Information shown —
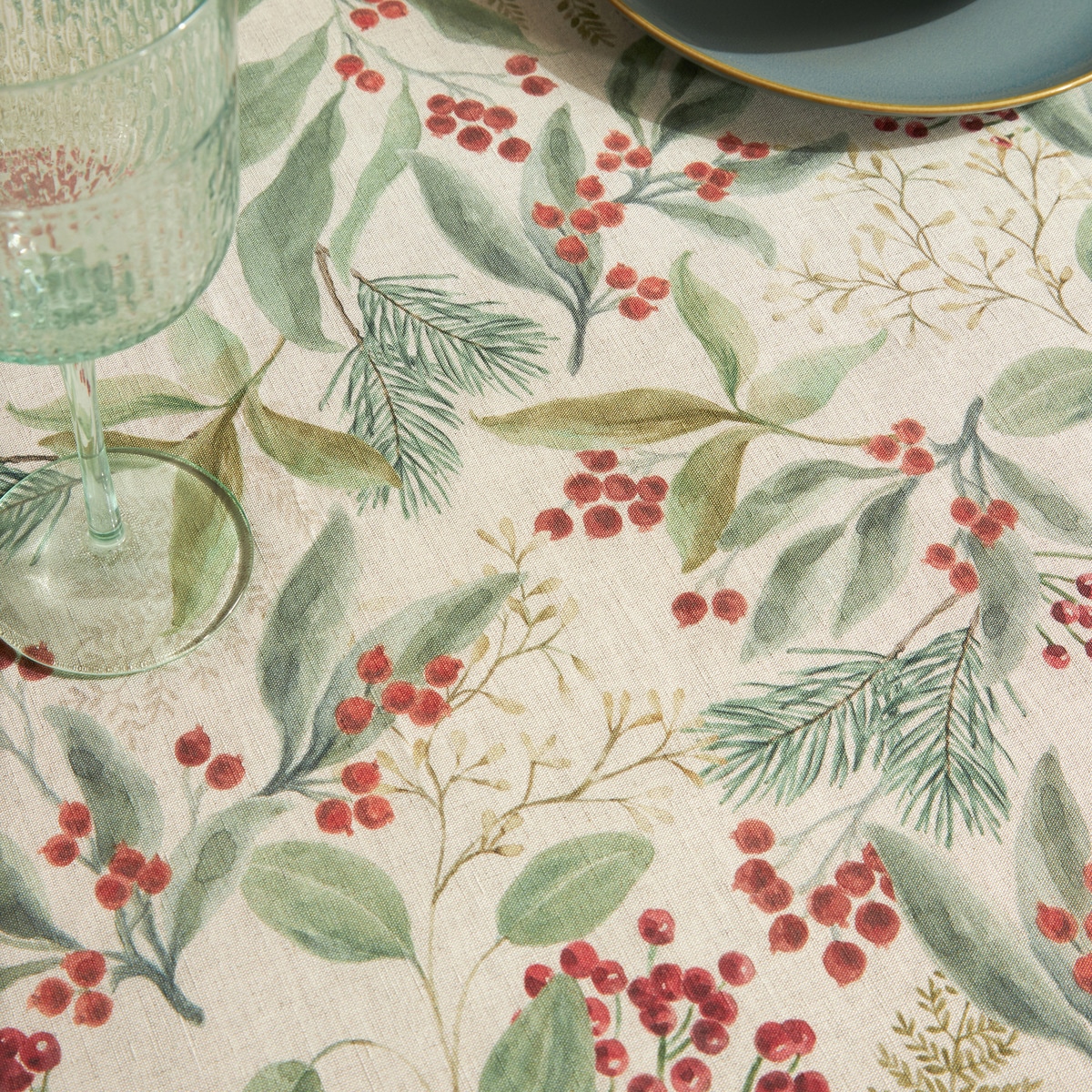 Toalha de Mesa de Algodão e Linho Carelle Multicolor-2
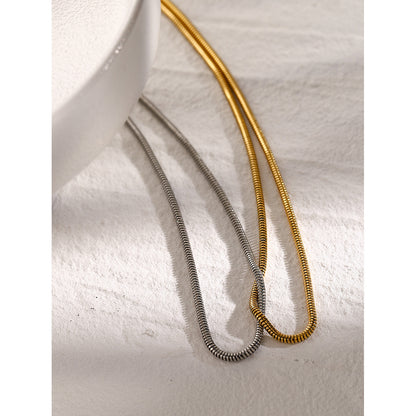 18K Gold Stainless Steel Gold and Silver Color Block Flat Snake Bone Chain Necklace INS Minimalist Style Unique Design Titanium Steel Necklace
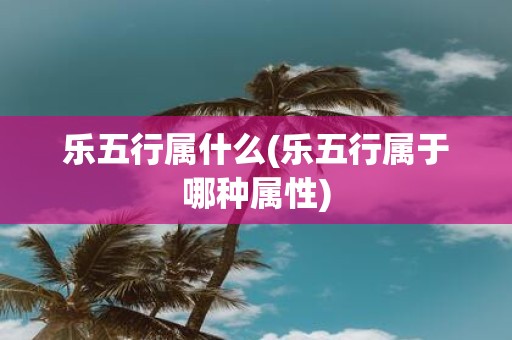 乐五行属什么(乐五行属于哪种属性)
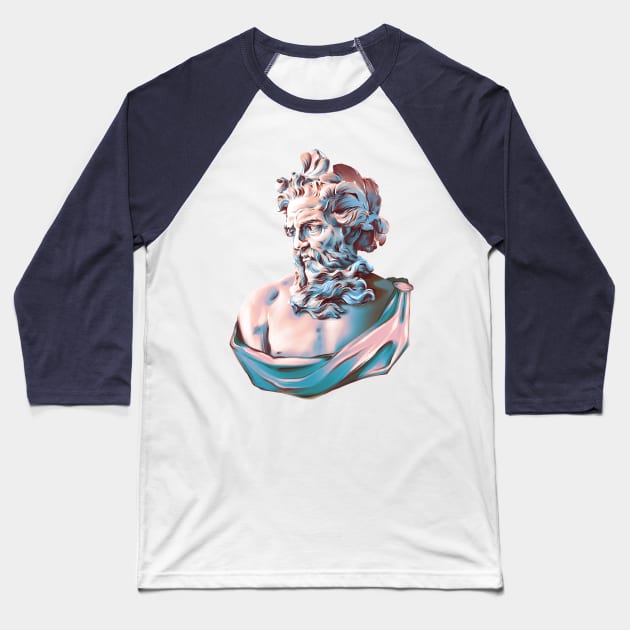 Portrait of Poseidon Baseball T-Shirt by ArctiumStudio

What you need to do — Please transcribe the lines from the one containing "乐五行属什么(乐五行属于哪种属性)" to the last line of the listing, both included, exactly and with nothing added, leaving every picture out.

Reply —
 乐五行属什么(乐五行属于哪种属性)
 Portrait of Poseidon Baseball T-Shirt by ArctiumStudio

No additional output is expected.